Unfortunately, my normal rat vet wasn't in, and I had to see someone else (who deals primarily with dogs and cats). He's a nice vet, but I don't really think he understood how much I love my rats and how much I hurt when they pass. 

When he brought back Fitz gassed down/injected, after he handed him to me, he just turned around and filled out paperwork. And not for like, a second or something - he stood there for about 2 minutes or more. I mean, any other time I euthanized an animal, regardless of what kind, they come back, hand you the pet, and leave immediately so you can say your goodbyes and grieve. So I had to just sit there with a huge lump in my throat. I was seriously debating saying, "I don't mean to be rude, but can you leave?" But I know if I tried to talk at all, it'd just come out all weird because I was trying not to cry.

Here are some of my favorite pictures of my boy...



















Mulligan and Fitzy, a couple weeks after they came home (November 2004).










He was always smiling as a baby.



















Giving momma lots of kisses  










And a wink for the ladies!










Just after his neuter in July 2006.



















Goodbye my sweet boy


----------



## Vixie

He was beautiful, Night.

Remember him that way.


----------



## cjshrader

That's really heartbreaking, Night.

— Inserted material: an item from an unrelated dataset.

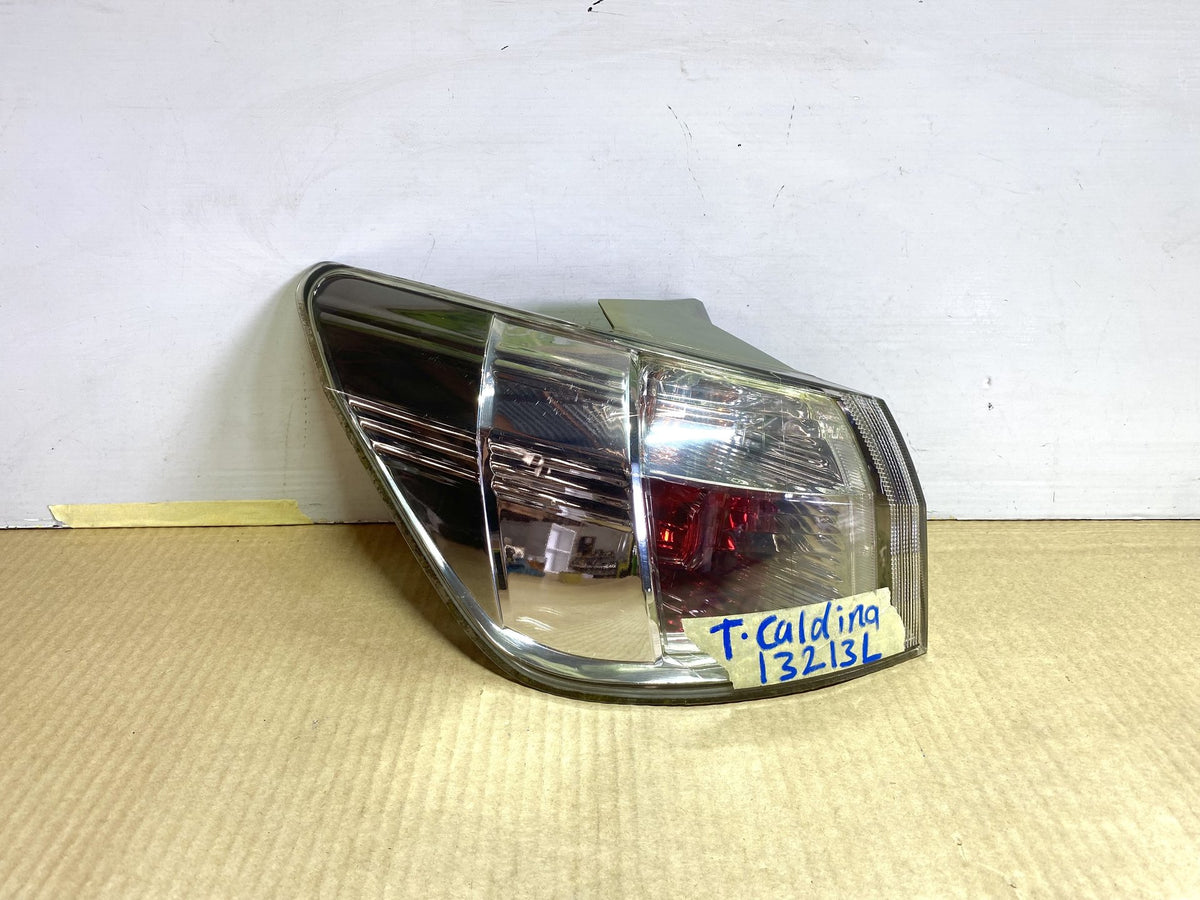 2002-2007 Used Toyota Caldina - Left Taillight PN: ICHIKOH 21-68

I'm sorry to hear about your loss.


----------



## Poppyseed

He lived a very happy life and seems very happy from the pictures. I'm sorry for your loss D:


----------



## 2manyrats

What a cutie... sorry to hear about his passing.


----------



## ladylady

What a sweeite, Sorry


----------



## Sara_C

What a gorgeous boy  At least he had three idyllic, happy and pampered years with you though. You gave him the kind of life all rats deserve.


----------



## OnlyOno

you did what was best for him from the moment you got him. i'm sorry he passed away, but he did it when he was ready and you were there for him when he went, which is the most important thing. you are an awesome rat owner, and your babies know it.  again, sorry night, that is truly just a downright bummer. ftizherbert will always be there with you though.


----------



## JennieLove

Im sorry for your loss Night. He was a handsome boy. :'(


----------



## Inesita

I'm so sorry for your loss. He was gorgeouse.


----------



## fallinstar

sorry for you loss


----------



## dkirschling

Sorry, Night. We find joy in so many things in this life; I'm glad your life had the joy of knowing him.


----------